Internet Engineering Task Force                            Ethan Blanton
INTERNET DRAFT                                         Purdue University
File: draft-ietf-tsvwg-dsack-use-02.txt                      Mark Allman
                                                                    ICIR
                                                           October, 2003
                                                    Expires: April, 2004
    
	       Using TCP DSACKs and SCTP Duplicate TSNs
		  to Detect Spurious Retransmissions

Status of this Memo

    This document is an Internet-Draft and is in full conformance with
    all provisions of Section 10 of [RFC2026].

    Internet-Drafts are working documents of the Internet Engineering
    Task Force (IETF), its areas, and its working groups.  Note that
    other groups may also distribute working documents as
    Internet-Drafts.

    Internet-Drafts are draft documents valid for a maximum of six
    months and may be updated, replaced, or obsoleted by other documents
    at any time.  It is inappropriate to use Internet-Drafts as
    reference material or to cite them other than as "work in progress."
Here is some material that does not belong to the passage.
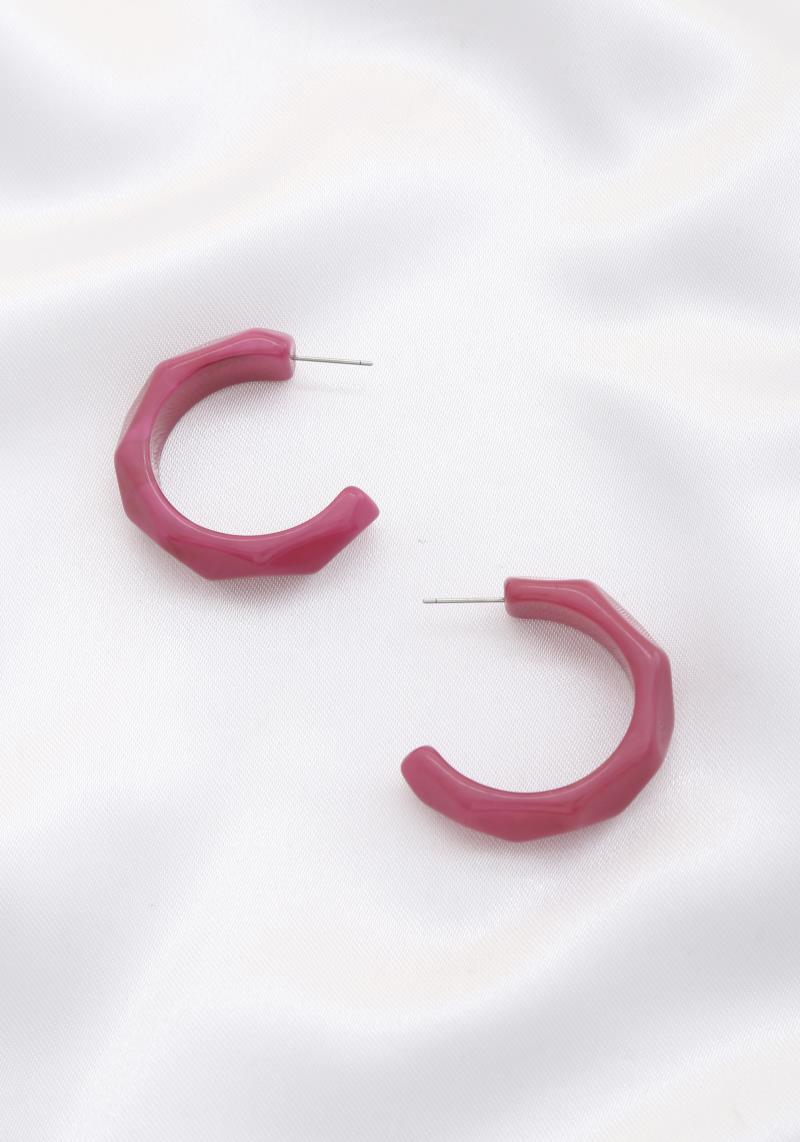 FACETED RESIN HOOP EARRING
    The list of current Internet-Drafts can be accessed at
    http://www.ietf.org/ietf/1id-abstracts.txt

    The list of Internet-Draft Shadow Directories can be accessed at
    http://www.ietf.org/shadow.html.

Abstract

    TCP and SCTP provide notification of duplicate segment receipt
    through DSACK and Duplicate TSN notification, respectively. This
    document presents conservative methods of using this information to
    identify unnecessary retransmissions for various applications.

Terminology

    The key words "MUST", "MUST NOT", "REQUIRED", "SHALL", "SHALL NOT",
    "SHOULD", "SHOULD NOT", "RECOMMENDED", "MAY", and "OPTIONAL" in this
    document are to be interpreted as described in RFC 2119 [RFC2119].

1   Introduction

    TCP [RFC793] and SCTP [RFC2960] provide notification of duplicate
    segment receipt through duplicate selective acknowledgment (DSACK)
    [RFC2883] and Duplicate TSN notifications, respectively.  Using this
    information, a TCP or SCTP sender can generally determine when a
    retransmission was sent in error.  This document presents two
    methods for using duplicate notifications.  The first method is
    simple and can be used for accounting applications.  The second
    method is a conservative algorithm to disambiguate unnecessary
    retransmissions from loss events for the purpose of undoing

Expires: April 2004                                             [Page 1]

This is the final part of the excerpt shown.